The Facility will include standard and customary project finance terms and conditions with respect to fees and conditions precedent to Closing (including satisfaction of remaining customary due diligence and other approvals) and remains subject to the completion and execution of definitive loan documentation. The issuance of securities under the terms of the Facility is subject to regulatory approvals. Closing of the transaction is expected during the fourth quarter of 2019.

 

Multilateral Instrument 61-101

 

Mr. Lassonde has beneficial ownership of, control or direction over, directly or indirectly, more than 10% of the issued and outstanding common shares of the Company and accordingly, the Facility and the issuance of the warrants insofar as they involve Mr. Lassonde would constitute a related party transaction for the purposes of Multilateral Instrument 61-101 – Protection of Minority Security Holders in Special Transactions (“MI 61-101”). The warrants to be issued to Mr. Lassonde in connection with the Initial Tranche of the Facility represent approximately 1.4% of the 186,081,200 common shares issued and outstanding as at the date hereof and are not expected to result in a material change to Mr. Lassonde’s shareholdings.

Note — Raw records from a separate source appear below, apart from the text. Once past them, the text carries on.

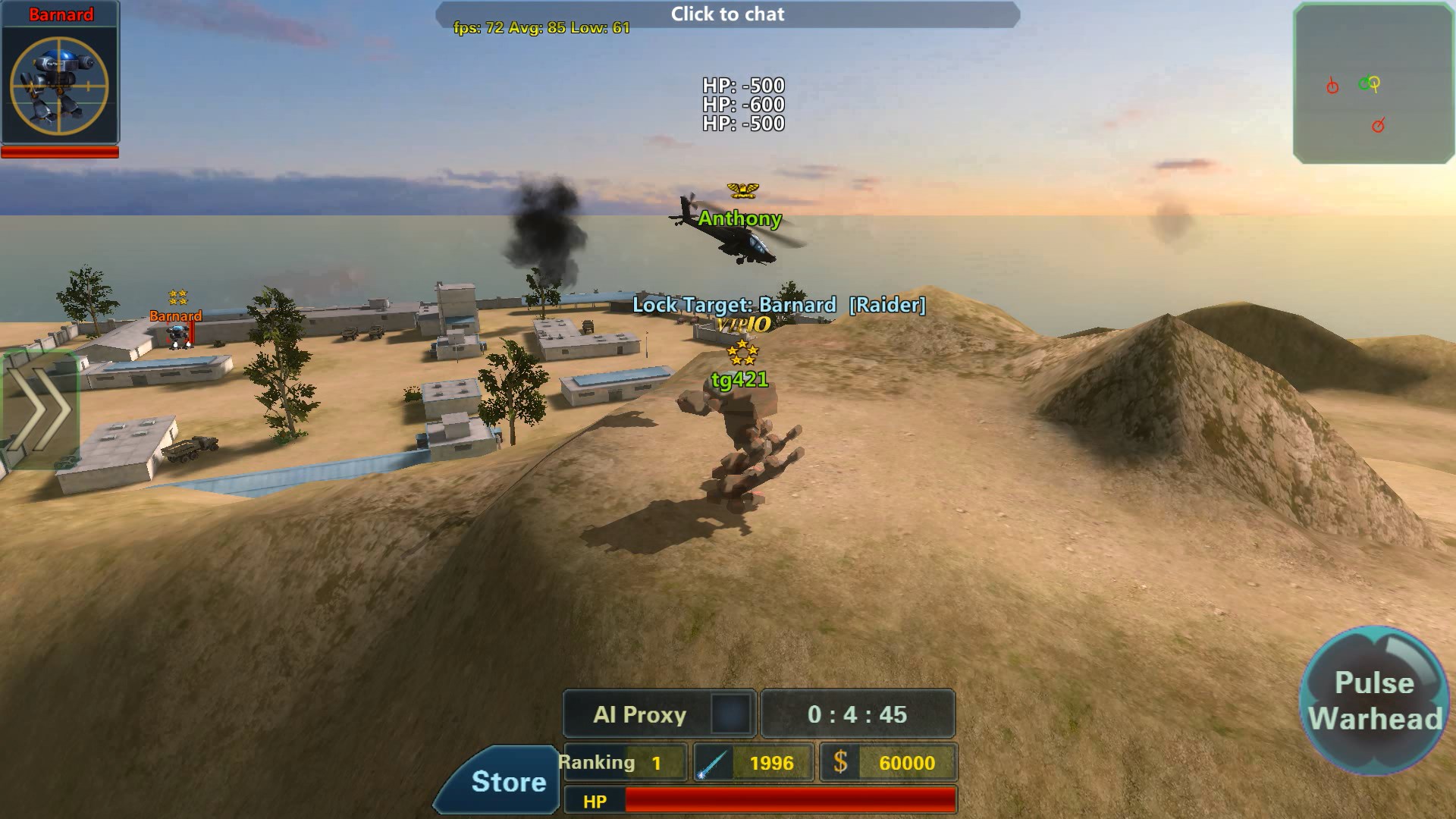 Assault CorpsII screenshot 11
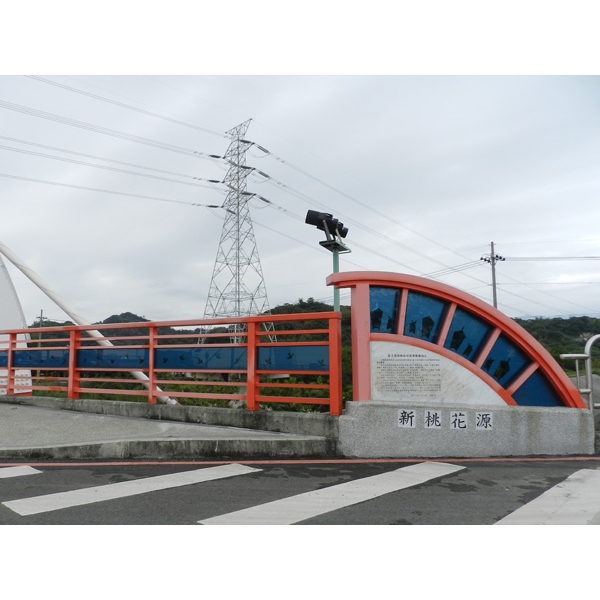 欄杆-大坑1號橋 欄杆-大坑1號橋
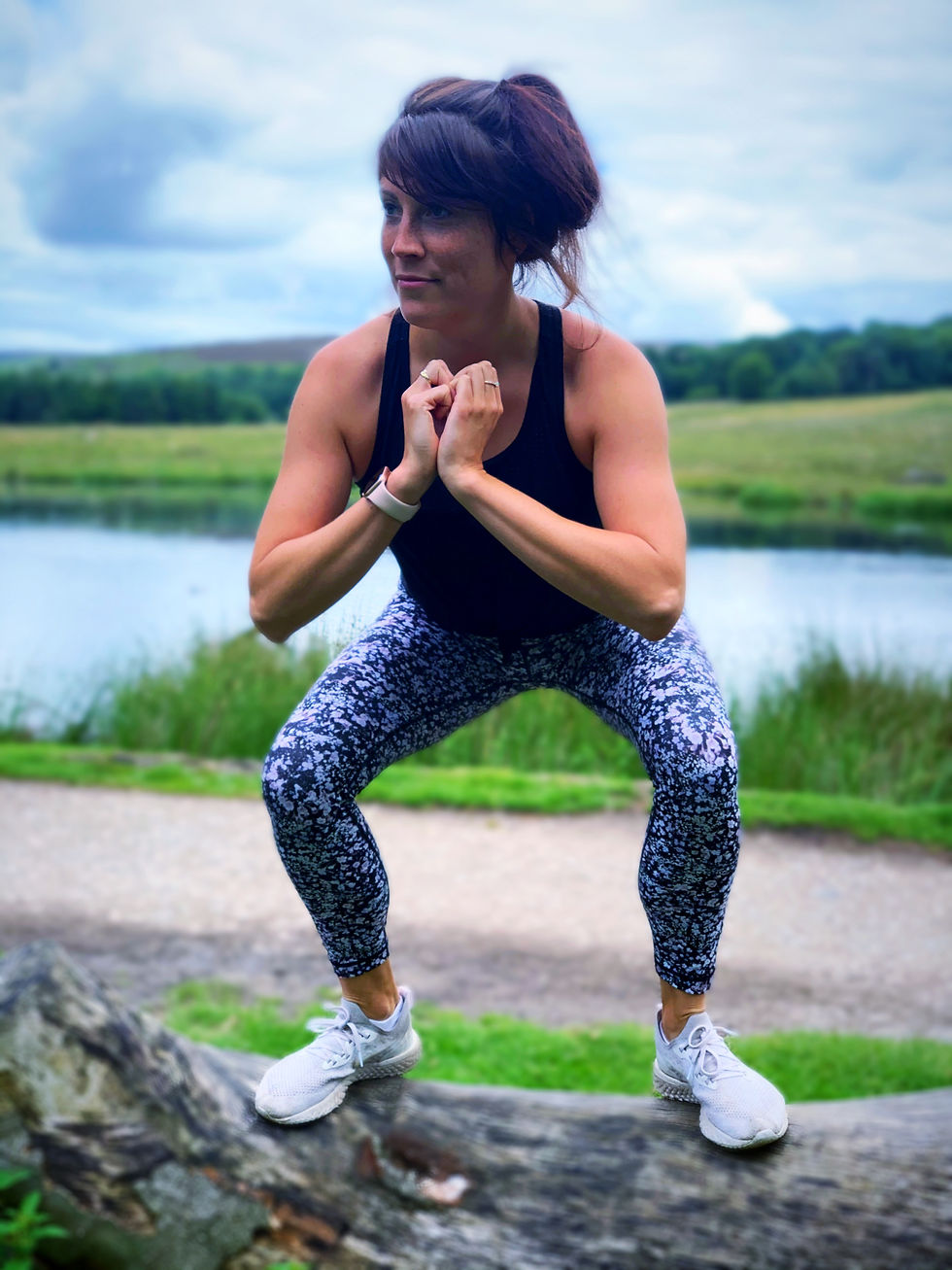 Female personal trainer, exercise, fit, fitness, goals, obesity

The Facility, including the participation of Mr. Lassonde and issuance of warrants in connection therewith, was considered, and ultimately approved by the board of directors of the Company on October 15, 2019. The Company is not required to obtain a formal valuation for the Facility by virtue of section 5.4 of MI 61-101. In addition, the Company is relying on the exemption from the formal valuation and minority approval requirements of MI 61-101 set out in section 5.5(a) and section 5.7(a) of MI 61-101 as the fair market value of the Facility and the warrants insofar as it relates to interested parties is not more than 25% of market capitalization.

 

Item 6Reliance on subsection 7.1(2) of National Instrument 51-102

 

Not applicable.

 

Item 7Omitted Information

 

Not applicable.

 

Item 8Executive Officer

 

For further information contact Etienne Morin at (604) 564-1852.

 

Item 9Date of Report

 

DATED as of this 29th day of October, 2019.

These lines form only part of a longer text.